We would like to collect the prompts and the output of the model to better understand the accuracy of the model. This is also to understand quality, prompt sent, suggestion sent, suggestion accepted and dissecting data by quality, languages, and use-cases.

Proposal

drawing source

The changes we would need to implement for proposal are:

Changes to the client to add the acceptance indicator on follow-on requests. gitlab-org/gitlab-vscode-extension!825 (merged) (merged). Adding the necessary fields to Inference Server.
In the Model Gateway backend, parse the X-GitLab-CS-Accepts X-GitLab-CS-Requests, X-GitLab-CS-Errors headers
In the Model Gateway backend, add the accepted_request_count, total_request_count and error_request_count fields to the access logs, containing the headers parsed in step 2.
In the Model Gateway backend, add model_gateway_telemetery_accepts_total, model_gateway_telemetery_requests_total and model_gateway_telemetery_errors_total Prometheus counter metrics. On each request, increment each counter by the amount parsed in step 2.

Discussion Points

Using a separate endpoint /v2/completion_accepted or piggy-backing on follow on requests. I think either of these should be fine, although with the separate endpoint, there is a bit more traffic. If we do go with a separate endpoint, we should probably consider batched updates on a timeout, which would be easy to do.

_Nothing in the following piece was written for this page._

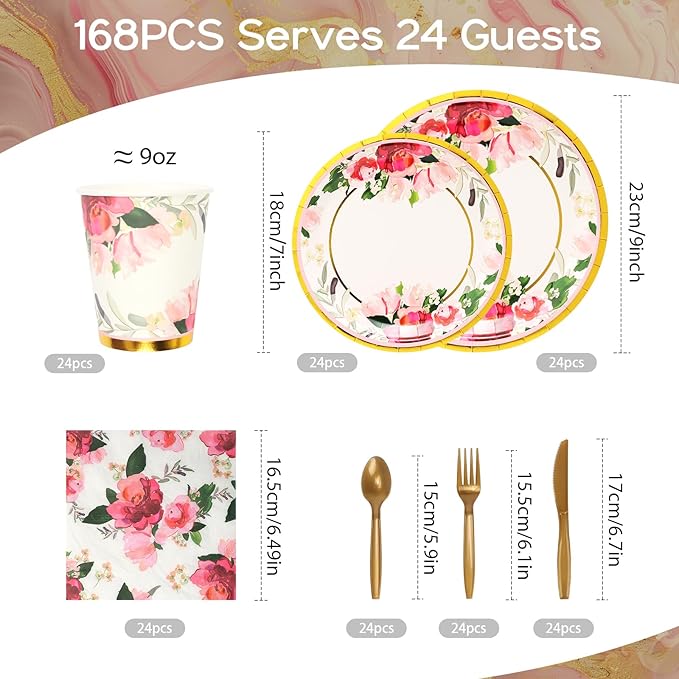 168Pcs Paper Plates Floral Rose Gold Party Plates and Napkins Vintage Flower Disposable Tableware Serve for 24 Bridal Shower Wedding Baby Shower Tea Party Supplies Decorations
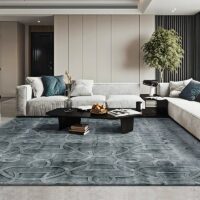 Tapis oriental gris avec reflets bleus motifs ethniques GILLES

Nice to have follow-on actions

Send a beacon telemetry response on timeout. If the client does not send a follow-on request within a certain timeout, send the telemetry back as a beacon response. This would need a new endpoint in the model gateway and would be implemented in a similar way to the follow-on code suggestion requests but is not needed for the first iteration.
Add dashboards to Grafana and Kibana.
Add details around programming language, model version etc.

Edited Jun 30, 2023 by Alexander Chueshev